Apple’s share price in April, note the trend

Looking across the pond to Microsoft, it’s almost as if the two CEOs are having a conversation without realizing it [4], though I doubt anyone seriously thinks Apple is going anywhere. We’ll see if the choice of the executives in Apple is the “right” one between the two, by now industrial standard alternatives: Either you diversify and spend on R&D to find something really new (or buy a company that allows you to do the same at a smaller timeframe) or, almost ubiquitously you slash R&D and dish out the dividends because that’s what the investors want.. Right?

While Apple’s phone sales are to hit 1 billion Soon™[5] we’re left wondering just what’s going on inside Apple. Microsoft for all its talk of being focused on industrial and professional aspects of the IT industry has yet to do anything remotely serious when it comes to verticals. Where is the professional’s device?

This would seem like a natural opening for Apple to capitalize upon as long as the vision of the “brand” doesn’t blind them from pragmatic solutions. Professional industries are in dire need of working solutions, and where Linux has historically been the DIY solution to the average techy the frankly nonexistent business models for developing devices for use by non-techies makes this impossible.

Android is the best overall due to its wide adoption[6] (in theory), but specialist devices are hard to come by and even harder to build a business plan around. iOS is a T-Rex that angrily brutalizes anything not specifically built to work with it, and Linux is Linux. There’s the Windows OS of course, but there’s just something to be said for dedicated tablet/pad/smartphone applications. And once again Microsoft has been mostly talking the talk when it comes to verticals and professional devices, but has shown its preference for the consumer market instead time and again.

Just because a device “can” be used by a doctor or engineer does not mean it “will be”. I recently asked a teacher at a law school “If you could have any app or software to help in teaching, what would it be/what would it do?” he blinked a bit, then laughed while saying something about how he’s doing perfectly fine, thank you.

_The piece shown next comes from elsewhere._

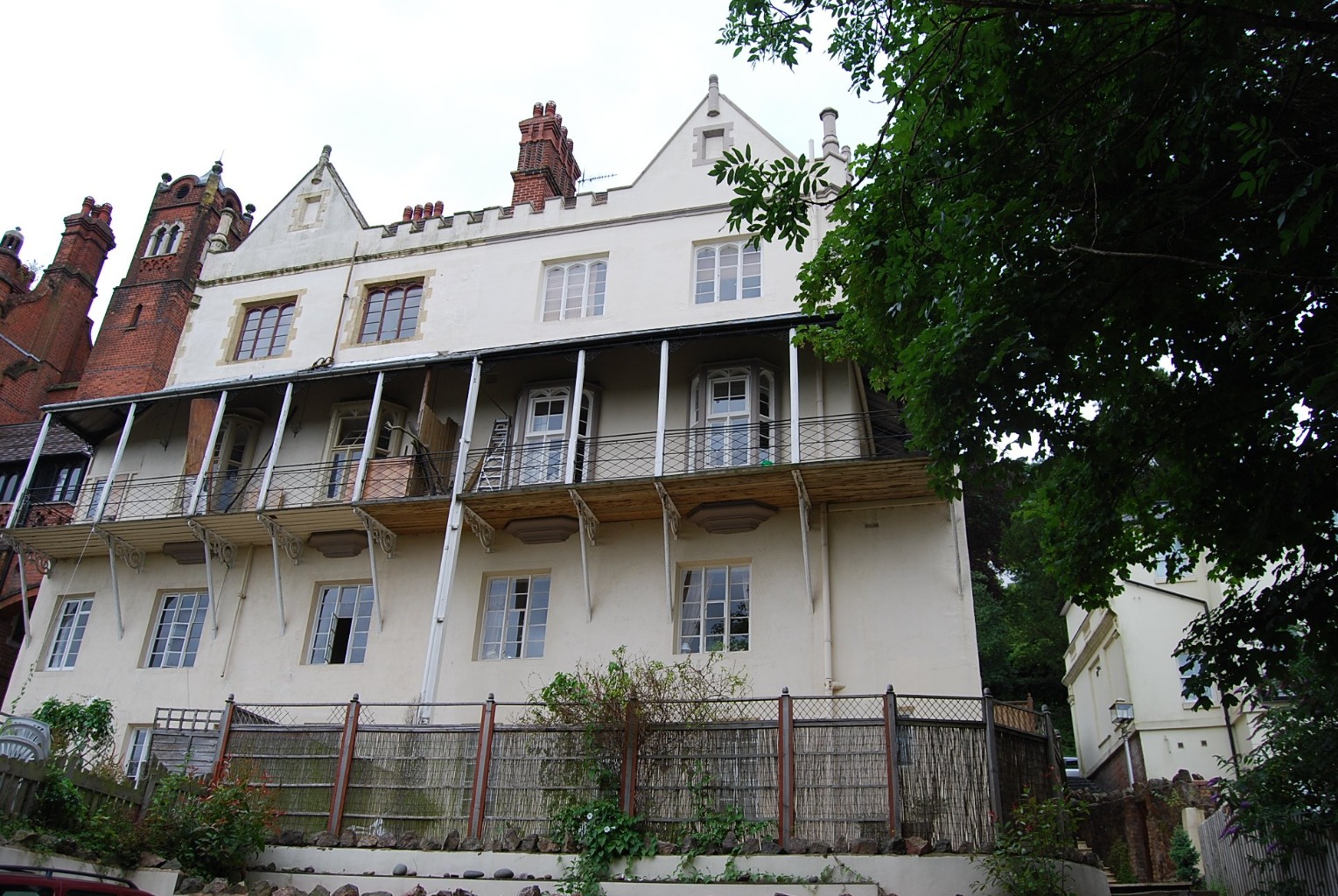 Holyrood House, 11 Wells Road, Malvern, WR14 4RH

We see this same resistance in virtually all of the professional fields. Software, devices and digital services have promised so much in the past few decades and delivered nothing but headache — why? Could it be simple incompetence, failures in executive leadership or product design? Or could it be something more minute but equally challenging, that is, a disconnect between the IT and non-IT fields of industry?[7]

When we move from paper and hard copy to digital healthcare information and end up worse than we started out with, this is a problem with implementation and design, not with IT or digitalization itself.


OPINION:

This is why I think Apple has an amazing opportunity in the healthcare sector, specifically in doctors’ pockets. But it’s an opportunity that is shared by Microsoft, Google and yes, even by Linux-based businesses. Back in the old mainframe computer system days of IBM, it was Microsoft and Apple that shocked the world by putting a PC in every home, proving the dinosaur days over.

What is an overly-complicated, hard to integrate, difficult to share information — from system if not the mainframe computer of today?

Not saying it’s easy, just saying it needs to be done.